GIVEN MATERIAL Block Start
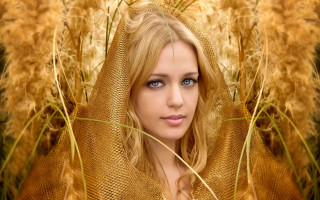 Woman blueeyes field wheat portrait - egyptian art free wallpaper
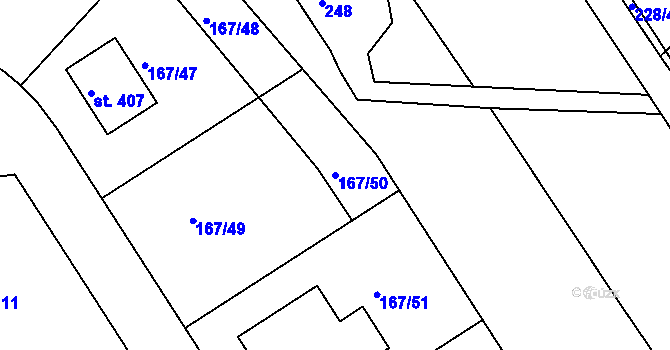 Parcela st. 167/50 v KÚ Všechlapy u Nymburka, Katastrální mapa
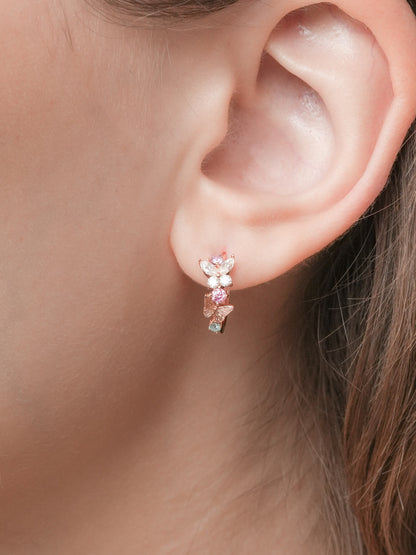Soft Flutter Butterfly Huggie Earrings 18K Rose Gold (4) – Mondays Made Flower & Birthstone Jewelry Singapore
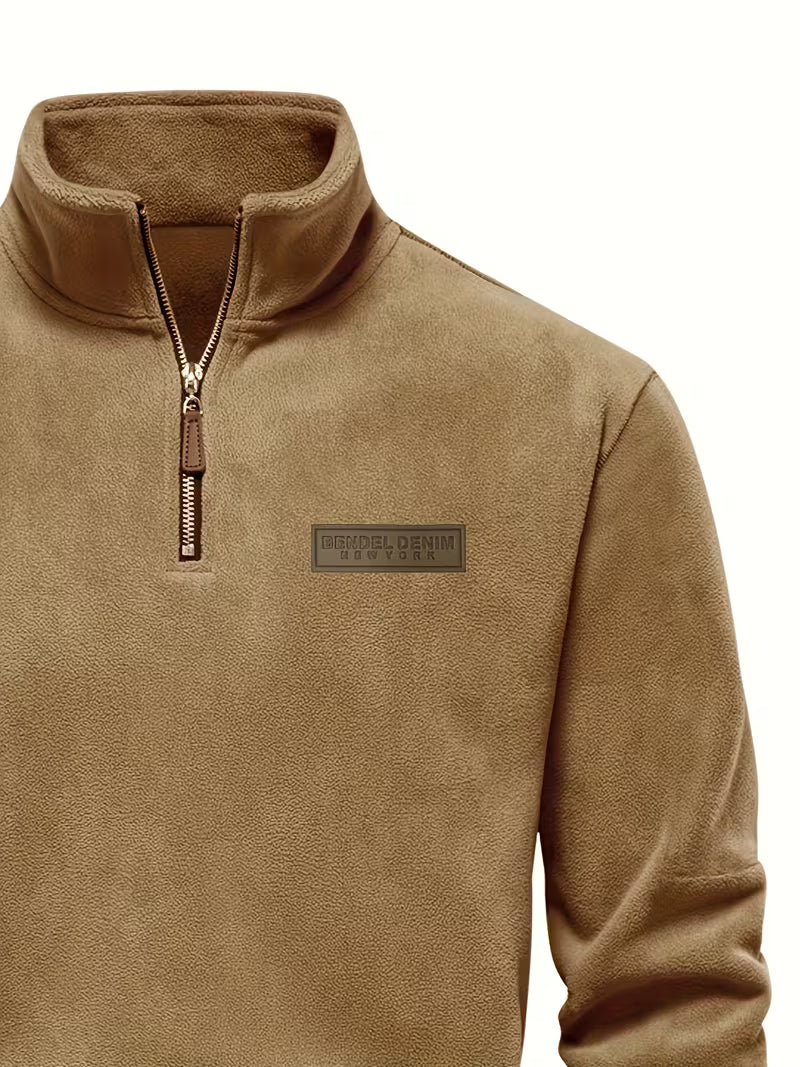 Sweater with Stand-Up Collar and Half-Zip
GIVEN MATERIAL Block End
__WHAT THE EXERCISE ASKS__: Retype the listing above exactly. Pictures are not part of the copy.

__ANSWER FOR THE TASK__:
 Woman blueeyes field wheat portrait - egyptian art free wallpaper
 Parcela st. 167/50 v KÚ Všechlapy u Nymburka, Katastrální mapa
Soft Flutter Butterfly Huggie Earrings 18K Rose Gold (4) – Mondays Made Flower & Birthstone Jewelry Singapore
 Sweater with Stand-Up Collar and Half-Zip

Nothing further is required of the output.